11 February 2015

How To Measure Marketing Success

“Half my advertising is wasted, I just don’t know which half.”
John Wanamaker

If you’re wondering the same thing as Wanamaker, you’re not alone. Recent studies suggest we’ve made a little progress in the last century—the average company now wastes closer to 37% of their budget.

How does your business compare?

If you’re not measuring your marketing success, you won’t know—and more importantly, you won’t be able to make changes that can improve your ROI. Here’s what you can do to stop wasting your budget.

1. Establish Clear Goals

We talk about setting goals a lot because this is the first (and arguably the most important) thing you can do. Set high-level goals as well as specific goals that are tailored to each component of your marketing. These individual goals should be measurable items; what you measure will ultimately turn into benchmarks that give you a clear, accurate picture of how your marketing is performing across the board.

2. Measure Your Progress

Once you’ve established your goals, start measuring. The right marketing tracking tools can make this part easy for you. Depending on your marketing mix, you may use one or all of these tools to measure your traffic and leads:

Website Analytics

Measure the growth of your web presence using web analytics. This website suggests several must-track areas, including organic search, conversion rates, keyword traffic, bounce rate, and how long visitors stay on your pages.

Call Measurement

Tracking and recording your calls will give you a clear idea of how your advertising is doing when tied to phone numbers. A call measurement partner will be able to report information about:

  • Who called: segmented data that can help you target your ideal audience.
  • When they called.
  • What was said.
  • Peak traffic periods for call volume: Information that helps you target your advertising at the time when your audience historically connects with your brand.
  • Your ROI from call measurement: Proof that call measurement is actually saving—and potentially making—you money.
  • CSR performance.

A call measurement company that’s serious about its customers will also help you with goal-setting and strategy. (At Callcap, we can tailor each call measurement package to you, so you’re getting the data that matters to you and helps you increase your market share in your industry.

Social Media

A clear plan of action keeps you from squandering the potential of your social media presence. Platforms like Facebook, Instagram, and Twitter can be valuable for attracting new customers, creating buzz around upcoming events or new products, and driving traffic to your website. You can use the qualitative and quantitative information you gather across each platform to learn more about the people who are interested in your company and what they’re specifically interested in.

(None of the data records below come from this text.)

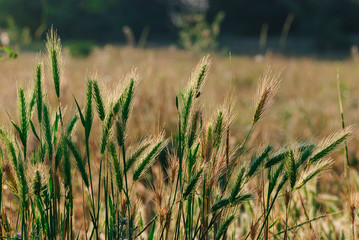 green spikelets in the morning sun on a field of grass. focus on the ears
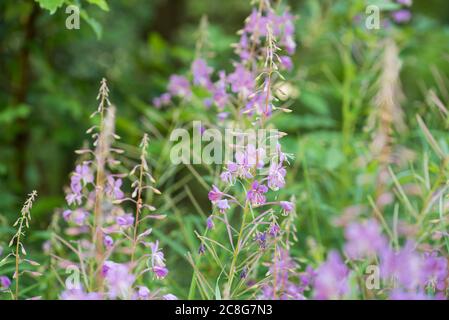 Chamaenerion angustifolium, fireweed, great willowherb flowers in meadow macro selective focus Stock Photo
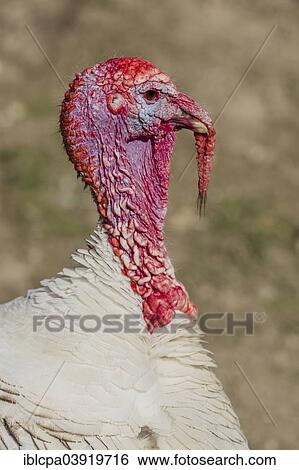 Stock Photograph - "Deutsche Pute or Crollwitzer, turkey breed, male, Tyrol, Austria, Europe". Fotosearch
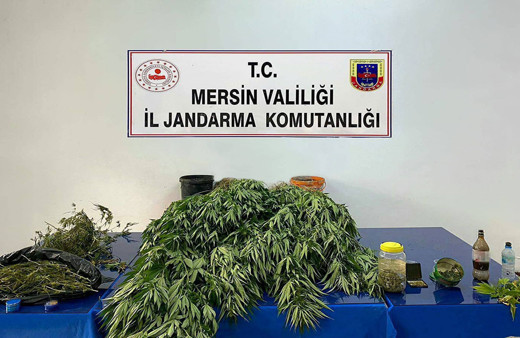 Mersin'de dev uyuşturucu operasyonu! 5 kilo 620 gram esrar ile 578 kök Hint keneviri ele geçirildi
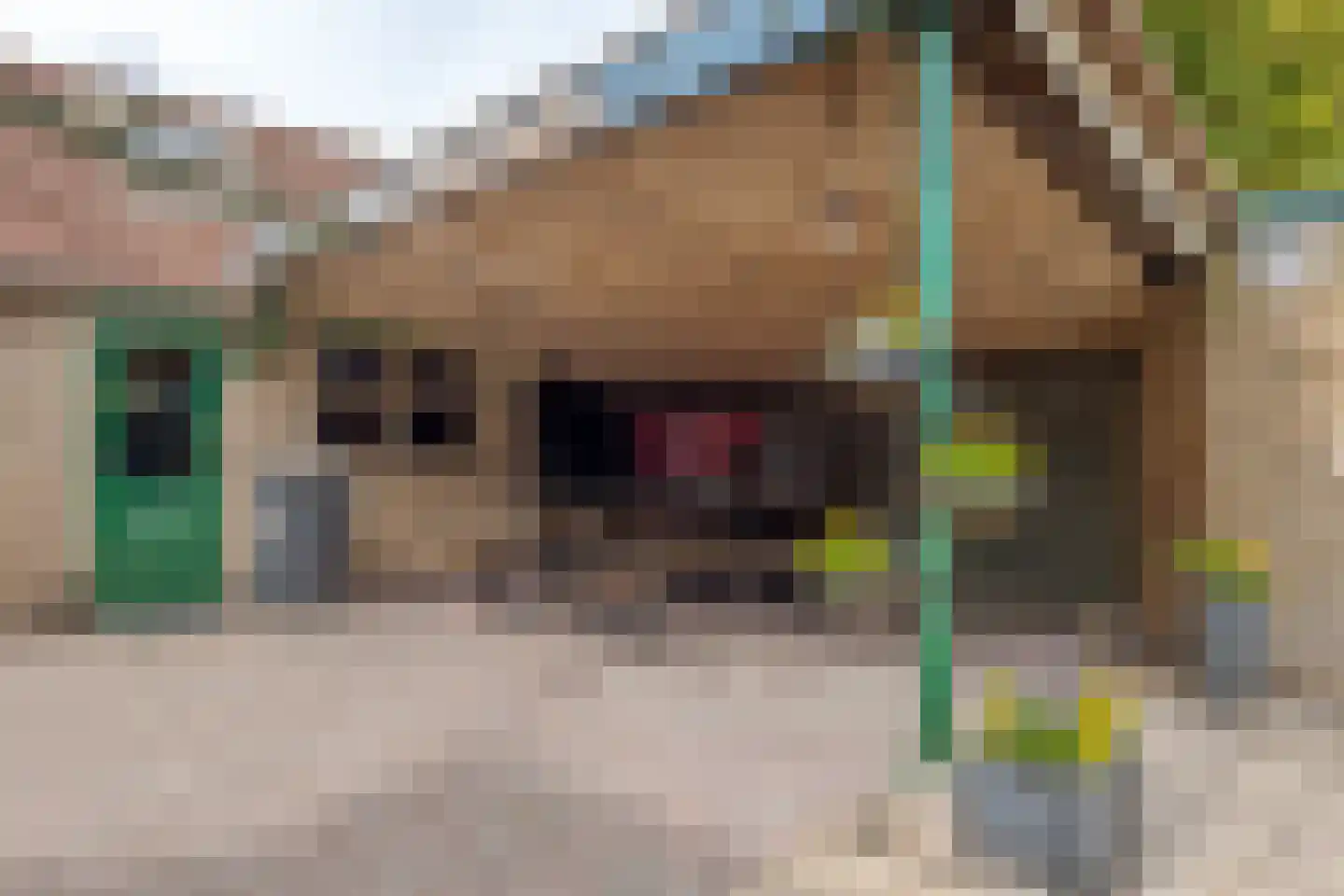Haarweg 11 Nieuw-Balinge thumbnail 53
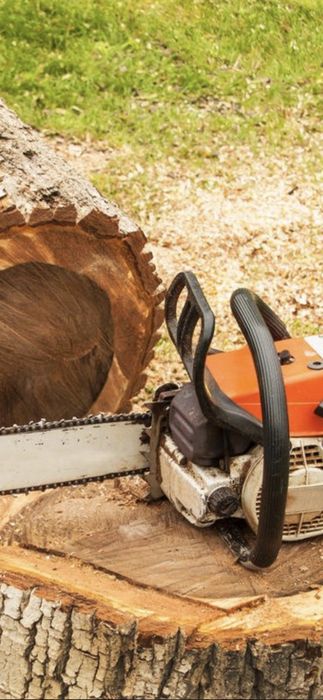 Спилювання, обпилювання дерев.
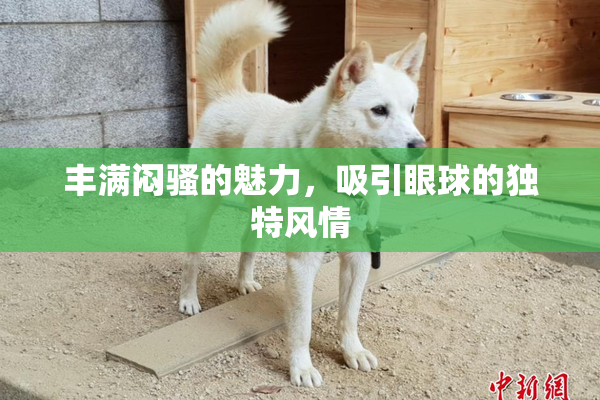丰满闷骚的魅力，吸引眼球的独特风情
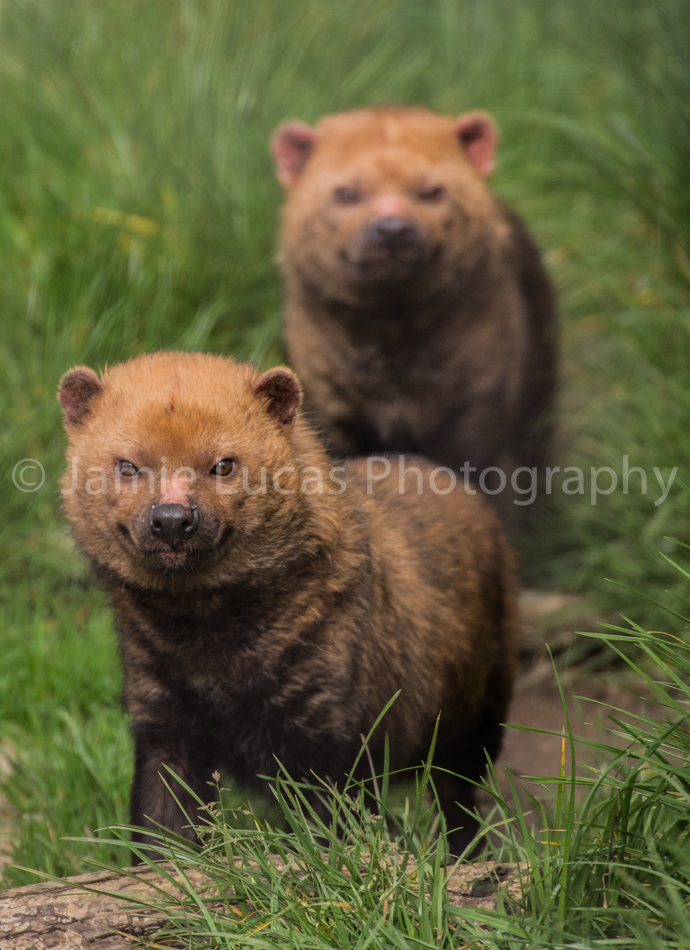 Bush Dogs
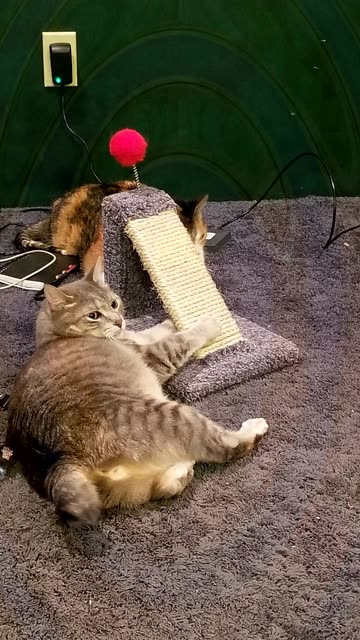 Quality Inspector Cory hard at work evaluating the health of his flock. #SparklegleamFarm #Chicken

3. Analyze, Change, & Adapt

You can immediately begin measuring your marketing success.

  • Analyze consistently and fairly across each marketing strategy. For example, just because one is outperforming another doesn’t necessarily mean that you should remove the lower-performing strategy.
  • You don’t have to measure everything at first. Some data just won’t be useful to you—and that’s OK! Just because it’s there doesn’t mean that analyzing it will help you. That’s why it’s so important to set specific goals you want to see, so you know exactly what—and why—you’re measuring.
  • Use the data to make changes based on evidence. Don’t be afraid to tweak and try new things if you’re not seeing the results you want.
  • Keep going! The marketing cycle begins anew when you analyze and adapt your strategies.

The basic principles of how to measure marketing success are easy enough that you can start right where you are without feeling overwhelmed. By setting clear goals, measuring your marketing against those goals, and analyzing the data, you’ll be able to see what works and what needs improvement in your marketing budget. Then, you’ll be able to spend your money on outlets that bring in traffic, leads, and sales.